'''

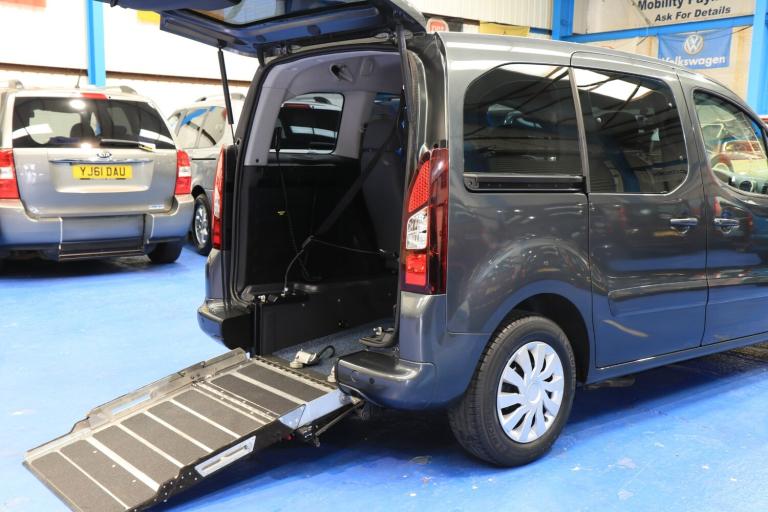 2015 Peugeot Partner Petrol Wheelchair Car Disabled Mobility WAV Vehicle.  MPV Petrol Manual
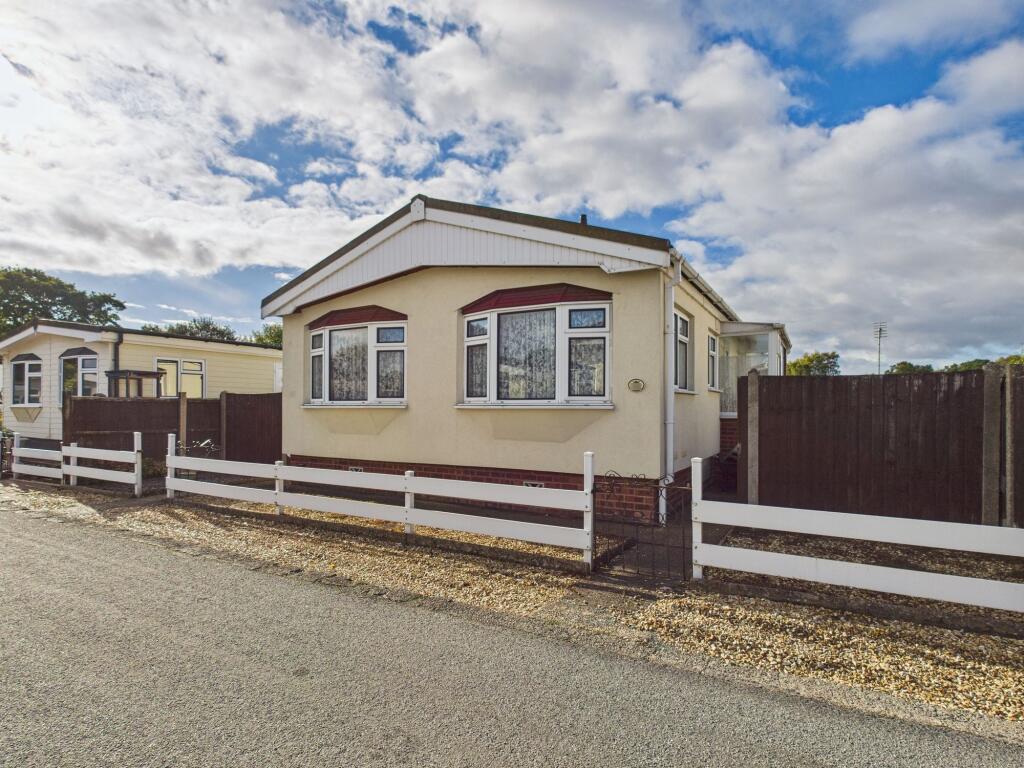 Main image of property: Parklands Mobile Homes, Scunthorpe, DN17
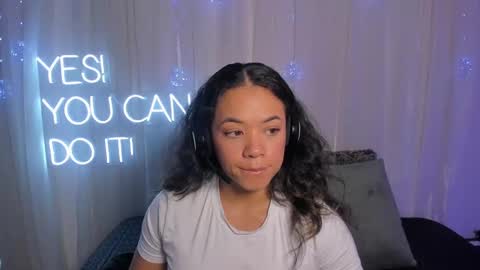 Snapshot of carolina_gaita chatting on 5, 2, 2025 carolina_gaita online show from 5, 2, 2025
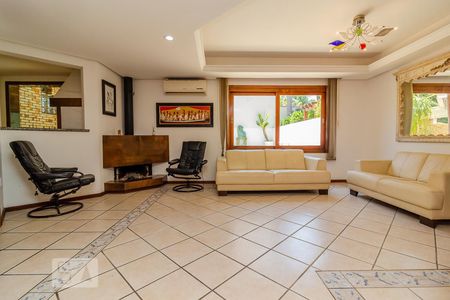 Sala de casa de condomínio à venda com 3 quartos, 300m² em Vila Nova, Porto Alegre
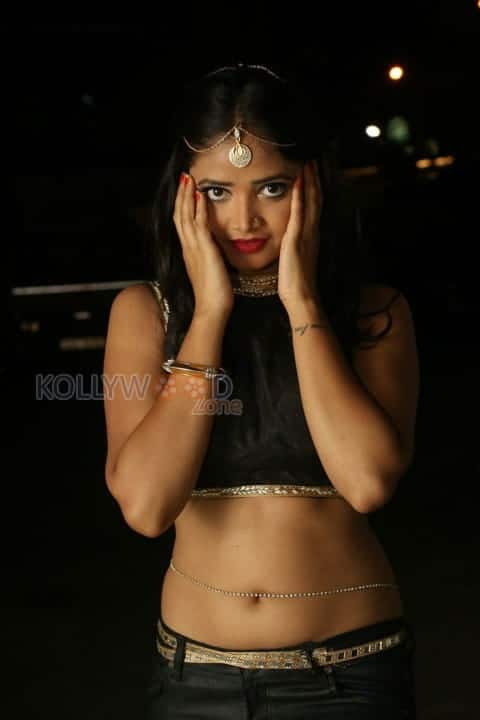 Shreya Vyas Sexy Navel Pictures 19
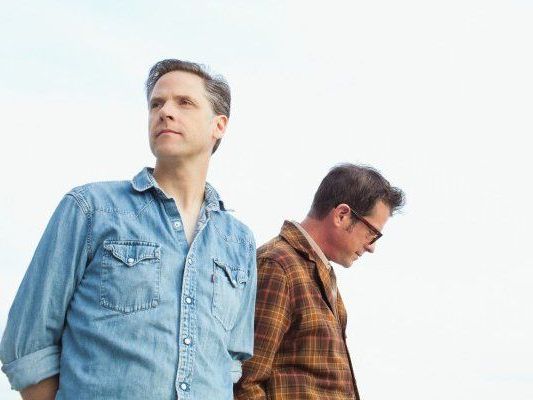 Calexico sorgen mit ihren Hits für einen Wohlig warmen Wiener Herbst Calexico sorgen mit ihren Hits für einen Wohlig warmen Wiener Herbst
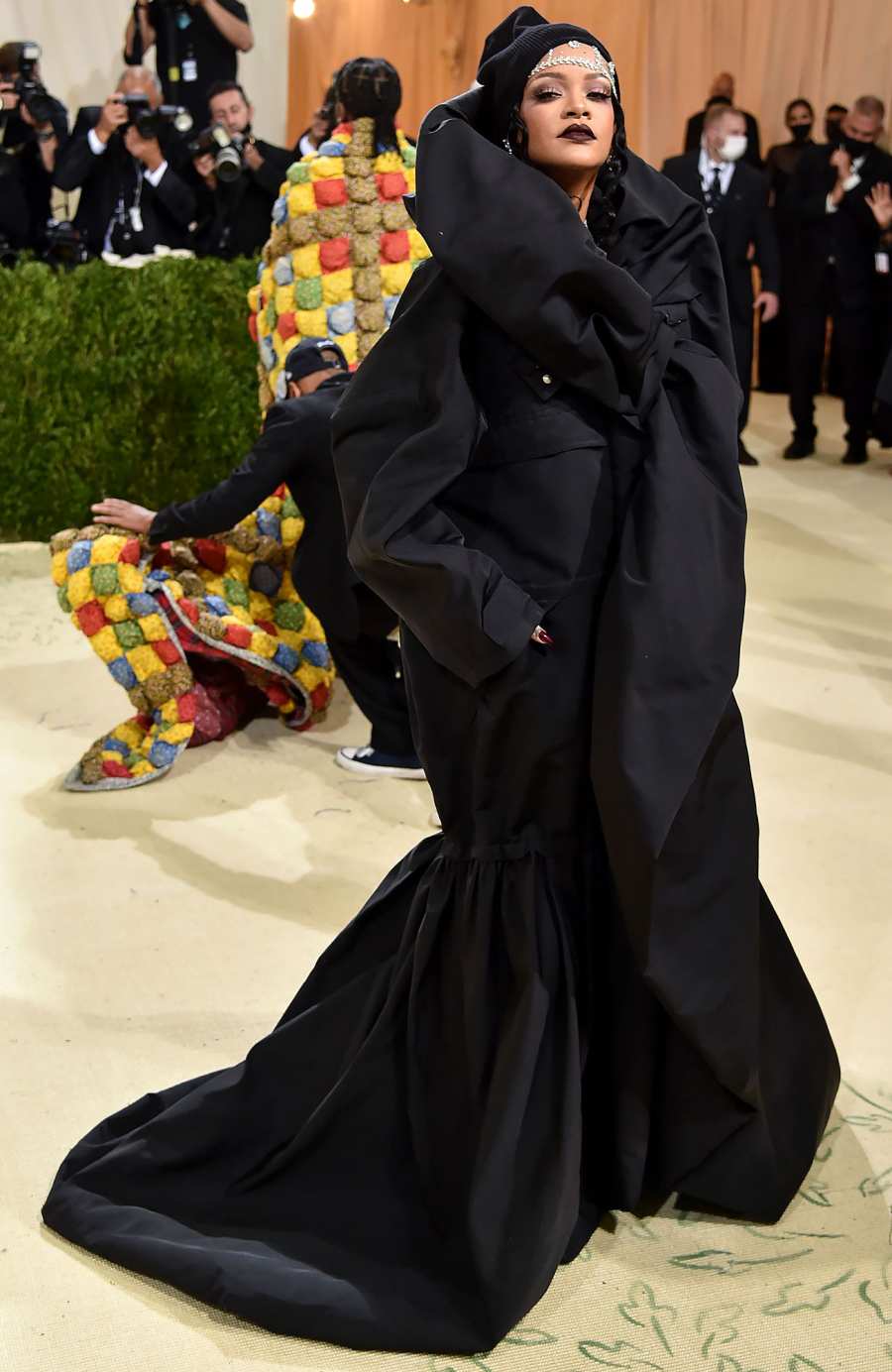 Met Gala 2021 Slay! Rihanna and A$AP Rocky Turns Heads on Met Gala Red Carpet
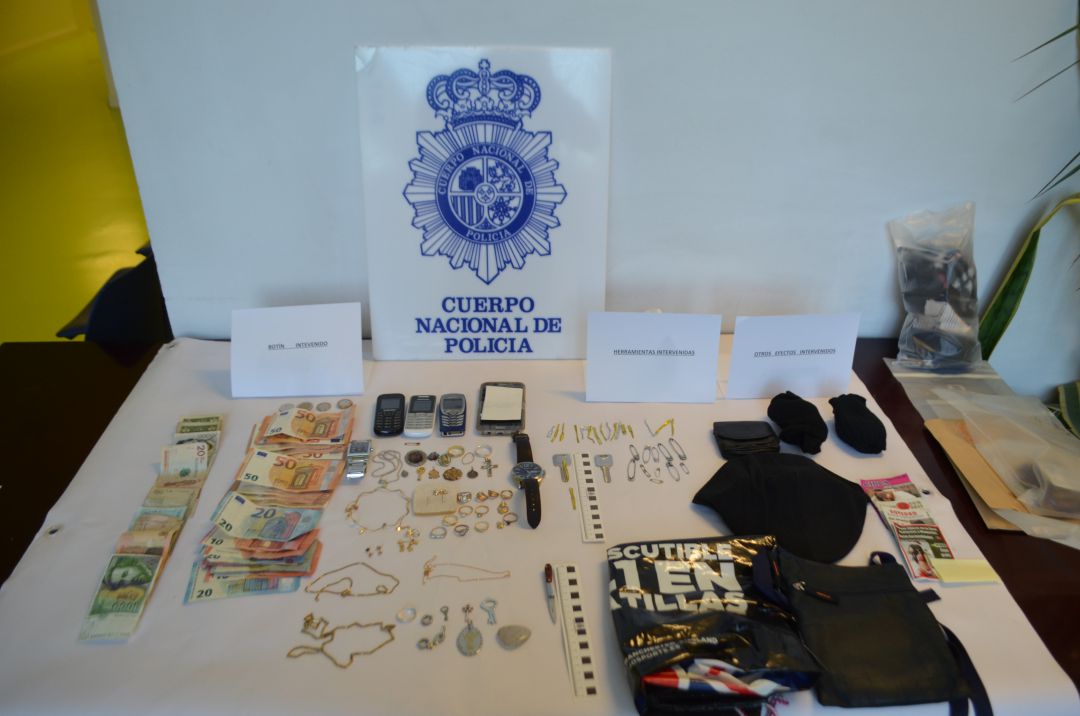 Sorprendidos robando joyas en el interior de una vivienda Sorprendidos robando joyas en el interior de una vivienda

'''

Work to complete: Every line of the material must be returned exactly; leave the images out.

Exercise answer:
 2015 Peugeot Partner Petrol Wheelchair Car Disabled Mobility WAV Vehicle.  MPV Petrol Manual
 Main image of property: Parklands Mobile Homes, Scunthorpe, DN17
 Snapshot of carolina_gaita chatting on 5, 2, 2025 carolina_gaita online show from 5, 2, 2025
 Sala de casa de condomínio à venda com 3 quartos, 300m² em Vila Nova, Porto Alegre
 Shreya Vyas Sexy Navel Pictures 19
 Calexico sorgen mit ihren Hits für einen Wohlig warmen Wiener Herbst Calexico sorgen mit ihren Hits für einen Wohlig warmen Wiener Herbst
 Met Gala 2021 Slay! Rihanna and A$AP Rocky Turns Heads on Met Gala Red Carpet
 Sorprendidos robando joyas en el interior de una vivienda Sorprendidos robando joyas en el interior de una vivienda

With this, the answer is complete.